EXERCISE GOAL: Extract precisely the lines of the entries below, from the first line through the line containing "Patio, Inner courtyard view".

====== MATERIAL TO PROCESS

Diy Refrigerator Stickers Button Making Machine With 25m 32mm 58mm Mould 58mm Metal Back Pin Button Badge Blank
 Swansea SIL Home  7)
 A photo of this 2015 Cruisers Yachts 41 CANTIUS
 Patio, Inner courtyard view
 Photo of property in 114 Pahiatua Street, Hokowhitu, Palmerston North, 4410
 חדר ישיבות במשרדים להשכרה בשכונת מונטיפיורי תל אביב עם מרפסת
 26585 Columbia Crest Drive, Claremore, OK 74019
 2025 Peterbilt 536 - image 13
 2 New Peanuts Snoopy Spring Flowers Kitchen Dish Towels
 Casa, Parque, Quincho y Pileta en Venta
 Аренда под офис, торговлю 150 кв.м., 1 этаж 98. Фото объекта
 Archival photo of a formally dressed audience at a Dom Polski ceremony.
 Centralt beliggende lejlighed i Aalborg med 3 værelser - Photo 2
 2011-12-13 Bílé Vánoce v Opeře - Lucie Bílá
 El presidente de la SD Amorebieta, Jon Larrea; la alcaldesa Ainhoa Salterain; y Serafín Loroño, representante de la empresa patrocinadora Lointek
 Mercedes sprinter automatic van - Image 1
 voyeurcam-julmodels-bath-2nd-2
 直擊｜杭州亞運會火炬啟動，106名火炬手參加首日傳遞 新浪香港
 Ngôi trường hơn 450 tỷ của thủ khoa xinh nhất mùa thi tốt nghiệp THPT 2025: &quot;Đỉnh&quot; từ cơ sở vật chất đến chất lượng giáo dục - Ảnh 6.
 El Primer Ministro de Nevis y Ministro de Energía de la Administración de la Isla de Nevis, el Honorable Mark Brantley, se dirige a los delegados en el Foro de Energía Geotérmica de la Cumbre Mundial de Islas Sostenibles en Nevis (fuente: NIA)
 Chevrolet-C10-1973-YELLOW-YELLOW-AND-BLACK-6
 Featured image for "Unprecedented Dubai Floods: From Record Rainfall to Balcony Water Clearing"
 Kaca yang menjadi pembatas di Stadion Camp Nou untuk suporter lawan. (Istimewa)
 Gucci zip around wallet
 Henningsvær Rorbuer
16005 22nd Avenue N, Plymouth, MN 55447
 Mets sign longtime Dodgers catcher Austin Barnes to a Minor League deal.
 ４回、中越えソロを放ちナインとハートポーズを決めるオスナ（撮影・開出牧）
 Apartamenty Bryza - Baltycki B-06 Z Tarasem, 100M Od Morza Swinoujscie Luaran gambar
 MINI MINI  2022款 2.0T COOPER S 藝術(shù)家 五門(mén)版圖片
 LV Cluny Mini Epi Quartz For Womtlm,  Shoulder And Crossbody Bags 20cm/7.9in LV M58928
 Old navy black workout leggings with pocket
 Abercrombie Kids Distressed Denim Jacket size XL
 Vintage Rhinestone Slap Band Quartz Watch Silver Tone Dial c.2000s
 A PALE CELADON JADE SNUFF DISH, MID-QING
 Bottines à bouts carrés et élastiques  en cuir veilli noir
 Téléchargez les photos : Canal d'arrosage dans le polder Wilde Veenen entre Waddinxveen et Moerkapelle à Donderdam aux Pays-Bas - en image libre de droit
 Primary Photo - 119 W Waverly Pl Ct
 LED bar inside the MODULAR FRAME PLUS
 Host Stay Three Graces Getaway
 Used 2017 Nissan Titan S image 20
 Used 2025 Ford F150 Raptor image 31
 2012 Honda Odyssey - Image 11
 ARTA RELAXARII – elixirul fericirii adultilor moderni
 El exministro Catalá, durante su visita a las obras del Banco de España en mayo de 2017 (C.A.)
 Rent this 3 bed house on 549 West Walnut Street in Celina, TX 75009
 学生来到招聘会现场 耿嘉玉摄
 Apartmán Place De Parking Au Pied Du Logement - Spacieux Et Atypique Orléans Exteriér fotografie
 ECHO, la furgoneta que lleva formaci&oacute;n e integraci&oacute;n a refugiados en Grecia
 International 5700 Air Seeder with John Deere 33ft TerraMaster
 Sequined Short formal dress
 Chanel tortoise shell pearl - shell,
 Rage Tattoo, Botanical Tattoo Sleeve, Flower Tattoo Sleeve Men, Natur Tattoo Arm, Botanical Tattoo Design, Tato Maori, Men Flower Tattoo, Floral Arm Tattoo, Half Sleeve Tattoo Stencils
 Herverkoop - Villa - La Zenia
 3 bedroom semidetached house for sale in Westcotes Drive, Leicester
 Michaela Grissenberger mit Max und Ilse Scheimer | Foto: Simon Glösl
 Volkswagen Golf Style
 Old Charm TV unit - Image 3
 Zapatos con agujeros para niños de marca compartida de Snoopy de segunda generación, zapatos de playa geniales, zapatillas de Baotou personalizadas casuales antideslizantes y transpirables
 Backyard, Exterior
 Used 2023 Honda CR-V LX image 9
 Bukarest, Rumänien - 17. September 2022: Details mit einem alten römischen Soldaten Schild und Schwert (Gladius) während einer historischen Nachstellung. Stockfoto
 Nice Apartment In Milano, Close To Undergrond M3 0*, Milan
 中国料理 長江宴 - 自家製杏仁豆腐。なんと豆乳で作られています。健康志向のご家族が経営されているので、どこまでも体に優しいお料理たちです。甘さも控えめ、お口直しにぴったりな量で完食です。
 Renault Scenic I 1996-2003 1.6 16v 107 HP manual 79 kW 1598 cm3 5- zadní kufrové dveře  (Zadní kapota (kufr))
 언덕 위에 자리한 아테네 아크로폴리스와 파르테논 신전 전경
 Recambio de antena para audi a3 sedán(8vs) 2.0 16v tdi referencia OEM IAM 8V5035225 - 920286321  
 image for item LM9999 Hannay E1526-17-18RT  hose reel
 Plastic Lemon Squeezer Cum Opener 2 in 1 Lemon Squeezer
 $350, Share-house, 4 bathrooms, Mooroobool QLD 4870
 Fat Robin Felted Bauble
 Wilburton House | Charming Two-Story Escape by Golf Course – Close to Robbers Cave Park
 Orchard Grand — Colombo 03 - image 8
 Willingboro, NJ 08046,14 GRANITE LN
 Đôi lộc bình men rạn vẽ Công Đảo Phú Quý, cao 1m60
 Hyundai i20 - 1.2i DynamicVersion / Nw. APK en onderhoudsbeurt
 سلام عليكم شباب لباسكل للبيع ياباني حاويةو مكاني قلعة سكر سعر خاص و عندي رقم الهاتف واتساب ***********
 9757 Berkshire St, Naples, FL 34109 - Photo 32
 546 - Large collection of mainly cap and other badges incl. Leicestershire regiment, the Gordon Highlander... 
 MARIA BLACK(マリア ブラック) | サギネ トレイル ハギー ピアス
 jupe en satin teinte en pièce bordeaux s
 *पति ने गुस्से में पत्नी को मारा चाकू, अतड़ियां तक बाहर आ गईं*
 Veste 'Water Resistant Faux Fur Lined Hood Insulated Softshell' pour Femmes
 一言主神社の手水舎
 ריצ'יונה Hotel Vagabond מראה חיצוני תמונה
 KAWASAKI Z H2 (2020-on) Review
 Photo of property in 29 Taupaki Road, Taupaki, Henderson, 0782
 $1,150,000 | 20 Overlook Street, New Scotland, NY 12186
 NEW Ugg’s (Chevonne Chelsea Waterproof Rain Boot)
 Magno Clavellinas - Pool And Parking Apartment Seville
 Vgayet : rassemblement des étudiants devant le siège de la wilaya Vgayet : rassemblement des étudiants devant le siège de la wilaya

============

EXERCISE RESULT:
Diy Refrigerator Stickers Button Making Machine With 25m 32mm 58mm Mould 58mm Metal Back Pin Button Badge Blank
 Swansea SIL Home  7)
 A photo of this 2015 Cruisers Yachts 41 CANTIUS
 Patio, Inner courtyard view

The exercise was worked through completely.